Low pH/ high calcium question

timtsb
9 years ago

I recently had a soil test performed, and it came back that my soil is a bit acidic (5.77 pH). They recommend 40lbs per 1000sq ft of calcitic lime. However, on the report it says my calcium level is already "above optimum" at 3060 lbs per acre. Won't adding calcitic lime exacerbate the high calcium levels? Is excessive calcium not a problem?

Comments (6)

  • dchall_san_antonio
    9 years ago

    Yeah, that doesn't sound right. If you did not get the soil tested by Logan Labs in Ohio, you might consider doing it again. I think their price is $20, but you get a much better test than the normal university tests perform.

  • yardtractor1
    9 years ago

    Calcium content of the soil does not necessarily directly relate to soil PH. (gypsum/calcium sulfate vs lime/calcium carbonate) I agree, before amending the soil for PH, you should get a second opinion (soil test). If you need to adjust PH to reap its attendant benefits, forget "above optimum". As long as the calcium content does not interfere with the availability the other nutrients and minerals at sufficient levels for soil fertility, increased calcium levels are not a concern.

  • timtsb
    Original Author
    9 years ago

    Thanks for the info. I live close to the Jonathan Green plant, so I may take a soil sample there for them to test before I buy their Mag-I-Cal product. It seems to have good reviews, so unless anyone here has a reason why I shouldn't buy that instead of regular old calcitic lime I think I'll go that route.

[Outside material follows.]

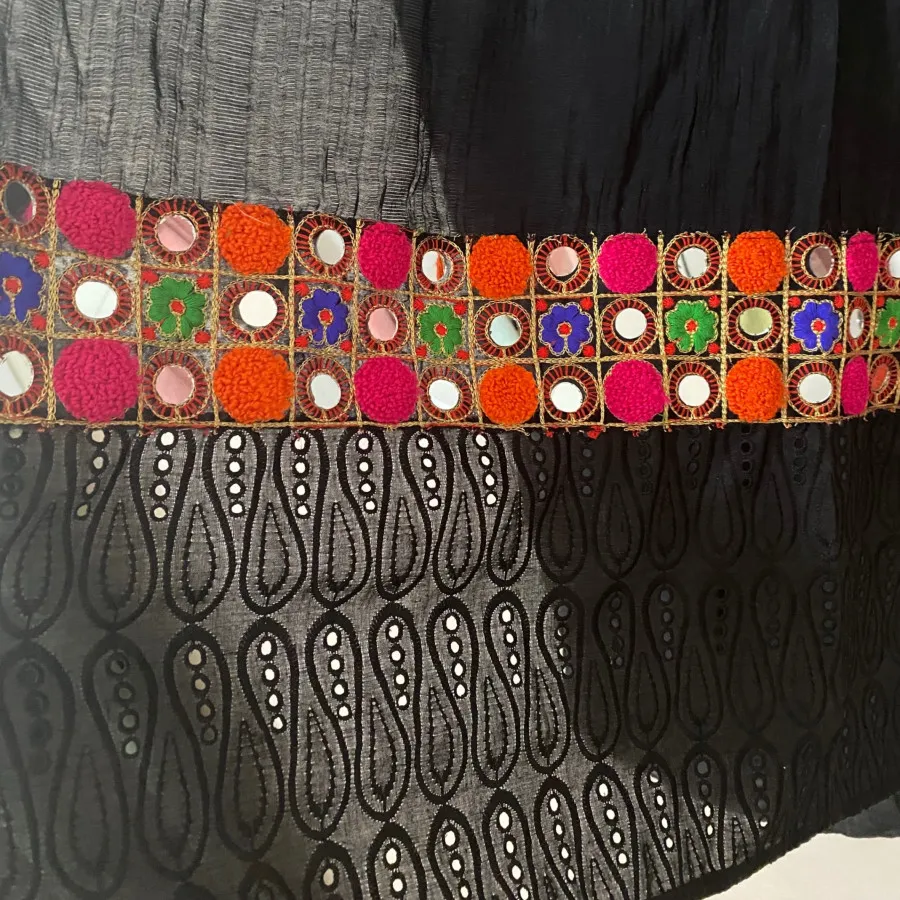 شال آینه کاری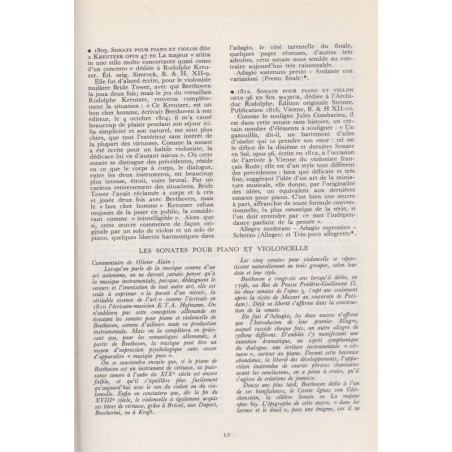 Beethoven, collection Génies et Réalités, 1961, Musique, musiciens, Allemagne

    One other question...assuming it's accurate, the soil test also indicates I have low Boron at .35 PPM. Is this having a negative impact on my lawn? Should it be amended?

  • dchall_san_antonio
    9 years ago

    You got a soil test that told you about boron??? Where did you get the test?

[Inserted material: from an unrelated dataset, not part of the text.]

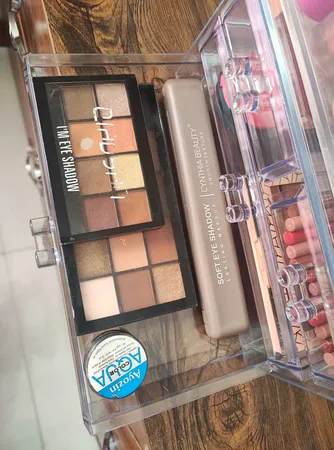 استند لوازم آرایشی نیلوشاپ مدل چهار کشو کد 4Drawers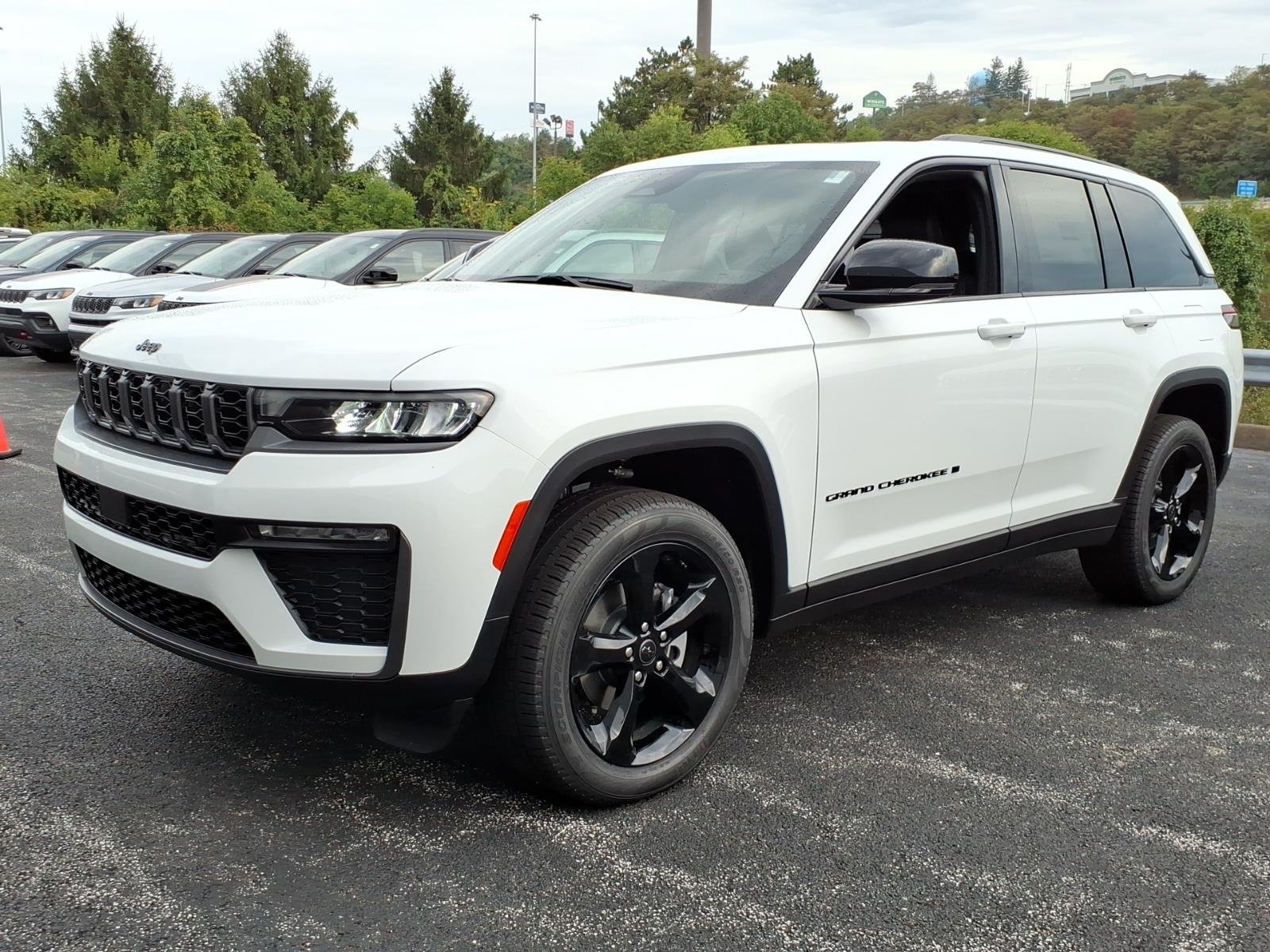 New 2027 Bright White Clearcoat Jeep Limited image 1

    There are two kinds of lime that are generally used on lawns. If you use the wrong one, and Mag-I-Cal would be the wrong one in certain circumstances, then you can negate the effect you were trying to achieve. Is your soil like clay or does water penetrate pretty easily when you water?

  • yardtractor1
    9 years ago

    I can't find a copy of a Mag I Cal label anywhere on the net, but I believe it contains only 35% calcitic lime. Advise you read the label and do the calculations. The recommendation was 40# of lime/m. That could be a lot of bags of JG product at a higher price than than you need to pay. Plus, as dchall said, you may need to apply dolomitic lime rather than calcitic.

    Advise you stay away from adding boron without professional guidance. It needs to be applied in VERY small doses (grams vs pounds) and too much will make your lawn a wasteland.

    Edit: "Boron at .35 PPM. Is this having a negative impact on my lawn?"
    Not likely. Grass needs very little boron for healthy growth. Adjustment in a boron level that is above .20 ppm may give fractional improvement but is for the lawn perfectionist who is trying to improve from 99% to 99.5%. IMHO.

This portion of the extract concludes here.